DATA PROVIDED Block Start
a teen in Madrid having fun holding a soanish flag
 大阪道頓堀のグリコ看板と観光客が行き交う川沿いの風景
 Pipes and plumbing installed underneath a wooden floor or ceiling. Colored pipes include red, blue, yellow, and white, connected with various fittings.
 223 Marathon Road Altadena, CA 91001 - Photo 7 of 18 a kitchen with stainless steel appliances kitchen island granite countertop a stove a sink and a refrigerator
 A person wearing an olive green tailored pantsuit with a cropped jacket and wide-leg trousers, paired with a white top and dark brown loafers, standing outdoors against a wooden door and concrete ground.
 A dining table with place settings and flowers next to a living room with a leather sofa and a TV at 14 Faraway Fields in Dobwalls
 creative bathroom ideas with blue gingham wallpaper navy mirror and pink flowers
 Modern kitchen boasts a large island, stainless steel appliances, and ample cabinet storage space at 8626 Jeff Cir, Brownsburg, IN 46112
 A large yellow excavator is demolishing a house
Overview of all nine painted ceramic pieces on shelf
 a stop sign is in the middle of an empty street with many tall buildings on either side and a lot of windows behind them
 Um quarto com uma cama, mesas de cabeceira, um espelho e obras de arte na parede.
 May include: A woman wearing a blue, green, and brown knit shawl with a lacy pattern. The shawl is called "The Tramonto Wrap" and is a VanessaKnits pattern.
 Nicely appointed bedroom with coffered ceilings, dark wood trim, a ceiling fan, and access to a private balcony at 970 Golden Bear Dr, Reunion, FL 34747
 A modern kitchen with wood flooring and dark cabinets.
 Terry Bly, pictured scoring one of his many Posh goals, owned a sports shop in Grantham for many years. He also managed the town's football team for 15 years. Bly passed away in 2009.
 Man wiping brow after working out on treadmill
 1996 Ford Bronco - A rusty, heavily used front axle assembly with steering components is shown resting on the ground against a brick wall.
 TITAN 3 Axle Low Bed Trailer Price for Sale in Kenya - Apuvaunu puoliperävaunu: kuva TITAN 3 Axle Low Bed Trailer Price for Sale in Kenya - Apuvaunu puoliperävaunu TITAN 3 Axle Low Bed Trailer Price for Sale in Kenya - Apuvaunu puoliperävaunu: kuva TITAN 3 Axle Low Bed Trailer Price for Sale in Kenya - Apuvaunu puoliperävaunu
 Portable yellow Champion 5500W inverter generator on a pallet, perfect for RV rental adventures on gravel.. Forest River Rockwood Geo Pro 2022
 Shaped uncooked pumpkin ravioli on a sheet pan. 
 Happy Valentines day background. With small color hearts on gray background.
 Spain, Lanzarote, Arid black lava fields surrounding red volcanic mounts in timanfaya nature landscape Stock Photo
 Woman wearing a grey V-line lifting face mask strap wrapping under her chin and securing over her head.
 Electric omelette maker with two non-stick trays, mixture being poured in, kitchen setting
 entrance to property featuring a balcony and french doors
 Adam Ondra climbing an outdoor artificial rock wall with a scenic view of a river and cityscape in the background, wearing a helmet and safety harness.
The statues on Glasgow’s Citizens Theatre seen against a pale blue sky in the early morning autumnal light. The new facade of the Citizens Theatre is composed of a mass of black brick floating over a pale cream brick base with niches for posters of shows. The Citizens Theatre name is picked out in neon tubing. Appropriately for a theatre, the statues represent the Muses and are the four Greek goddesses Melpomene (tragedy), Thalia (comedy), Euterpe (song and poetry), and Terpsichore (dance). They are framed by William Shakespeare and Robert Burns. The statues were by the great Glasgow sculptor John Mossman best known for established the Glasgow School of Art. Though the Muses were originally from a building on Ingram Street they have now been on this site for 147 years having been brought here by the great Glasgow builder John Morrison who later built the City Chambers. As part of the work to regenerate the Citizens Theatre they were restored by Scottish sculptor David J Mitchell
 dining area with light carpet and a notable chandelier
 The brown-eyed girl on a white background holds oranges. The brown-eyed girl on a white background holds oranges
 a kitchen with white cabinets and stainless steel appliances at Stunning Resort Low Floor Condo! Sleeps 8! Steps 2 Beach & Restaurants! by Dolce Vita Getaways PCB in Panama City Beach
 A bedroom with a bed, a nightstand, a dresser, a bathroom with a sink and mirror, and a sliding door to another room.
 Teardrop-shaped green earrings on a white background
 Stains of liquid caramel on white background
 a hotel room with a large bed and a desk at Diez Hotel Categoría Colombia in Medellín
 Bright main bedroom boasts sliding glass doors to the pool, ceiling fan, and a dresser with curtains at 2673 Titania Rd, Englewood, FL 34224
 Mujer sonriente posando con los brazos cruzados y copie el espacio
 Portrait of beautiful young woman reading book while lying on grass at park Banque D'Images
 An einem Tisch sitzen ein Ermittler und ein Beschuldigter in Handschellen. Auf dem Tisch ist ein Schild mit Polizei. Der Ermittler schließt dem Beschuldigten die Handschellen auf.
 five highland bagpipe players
DATA PROVIDED Block End
◆ TASK TO CARRY OUT:
Exactly as they stand, please print the lines from the first line of the records above down to the line that includes "Terry Bly, pictured", both of those included and no others.

◆ YOUR RESPONSE:
a teen in Madrid having fun holding a soanish flag
 大阪道頓堀のグリコ看板と観光客が行き交う川沿いの風景
 Pipes and plumbing installed underneath a wooden floor or ceiling. Colored pipes include red, blue, yellow, and white, connected with various fittings.
 223 Marathon Road Altadena, CA 91001 - Photo 7 of 18 a kitchen with stainless steel appliances kitchen island granite countertop a stove a sink and a refrigerator
 A person wearing an olive green tailored pantsuit with a cropped jacket and wide-leg trousers, paired with a white top and dark brown loafers, standing outdoors against a wooden door and concrete ground.
 A dining table with place settings and flowers next to a living room with a leather sofa and a TV at 14 Faraway Fields in Dobwalls
 creative bathroom ideas with blue gingham wallpaper navy mirror and pink flowers
 Modern kitchen boasts a large island, stainless steel appliances, and ample cabinet storage space at 8626 Jeff Cir, Brownsburg, IN 46112
 A large yellow excavator is demolishing a house
Overview of all nine painted ceramic pieces on shelf
 a stop sign is in the middle of an empty street with many tall buildings on either side and a lot of windows behind them
 Um quarto com uma cama, mesas de cabeceira, um espelho e obras de arte na parede.
 May include: A woman wearing a blue, green, and brown knit shawl with a lacy pattern. The shawl is called "The Tramonto Wrap" and is a VanessaKnits pattern.
 Nicely appointed bedroom with coffered ceilings, dark wood trim, a ceiling fan, and access to a private balcony at 970 Golden Bear Dr, Reunion, FL 34747
 A modern kitchen with wood flooring and dark cabinets.
 Terry Bly, pictured scoring one of his many Posh goals, owned a sports shop in Grantham for many years. He also managed the town's football team for 15 years. Bly passed away in 2009.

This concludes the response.